JChampollion is as close to the original implementation of Champollion as could be achieved from reading the paper describing its algorithm. The only detail that is left vague concerns closed class words. The authors of the paper mention that they do not return closed class words from the target language in their translations, because their frequency messes up the statistical correlation data for the rest of the corpus. However, they don't specify exactly which closed class words they exclude. In JChampollion, most of the German articles and prepositions are excluded (with some morphological differences accounted for), but nothing else. Nevertheless, the lack of prepositions and articles greatly reduces the accuracy of the translations.
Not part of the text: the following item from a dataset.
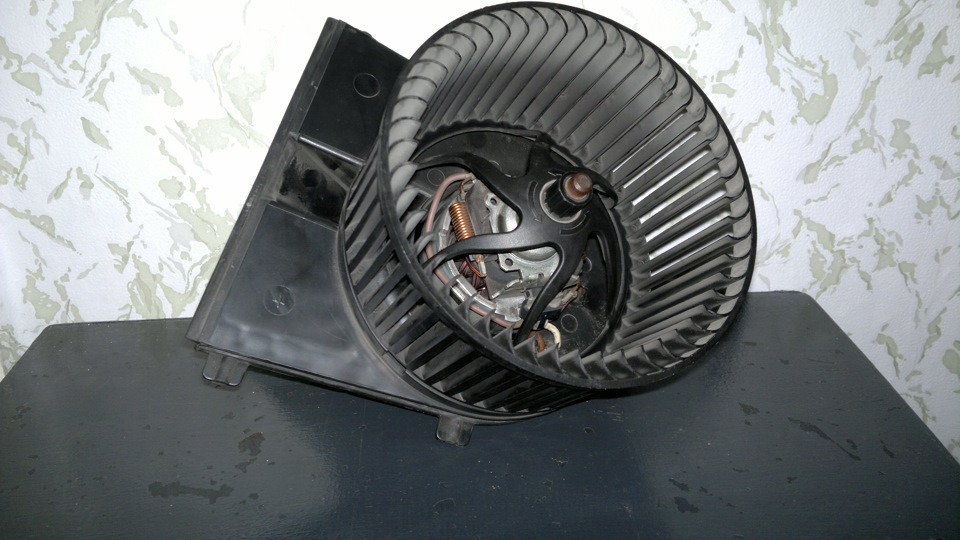 Как добраться до моторчика печки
The index files for the corpus are rather large, about 50% larger than the corpus itself. Ideally the index would be kept in memory, but as the corpus size grows, this becomes impractical. So, the index is loaded from disk.
Note: this software was written as a student project over a few days in 2005 for the Natural Language Processing course EECS 595 at the University of Michigan. It might be useful or interesting, but it almost certainly has bugs.
First, make sure you have Java installed. Then, after cloning the repository, you'll need to build the software. JChampollion uses Gradle Wrapper, so you can build everything with this command:
$ ./gradlew installDist
You'll need a sentence-aligned English-German corpus. Development was done with files from the Europarl Corpus.
Once you've built the software and you have corpus files, you can run JChampollion. Running it without any arguments will print some help information:
$ ./build/install/JChampollion/bin/JChampollion
The first time you run JChampollion on a given corpus, you must include the
-index
argument, so the corpus will be indexed. You must also tell
JChampollion where to find the source and target files, as well as which
collocation should be translated.
./build/install/JChampollion/bin/JChampollion -source ./ep-00-en.txt -target ./ep-00-de.txt -co "member state" -index
On subsequent runs you don't need to include the -index
argument, as long
as the corpus doesn't change.
./build/install/JChampollion/bin/JChampollion -source ./ep-00-en.txt -target ./ep-00-de.txt -co "member state"
This code is free software licensed under the GPL v3. See the COPYING file for details.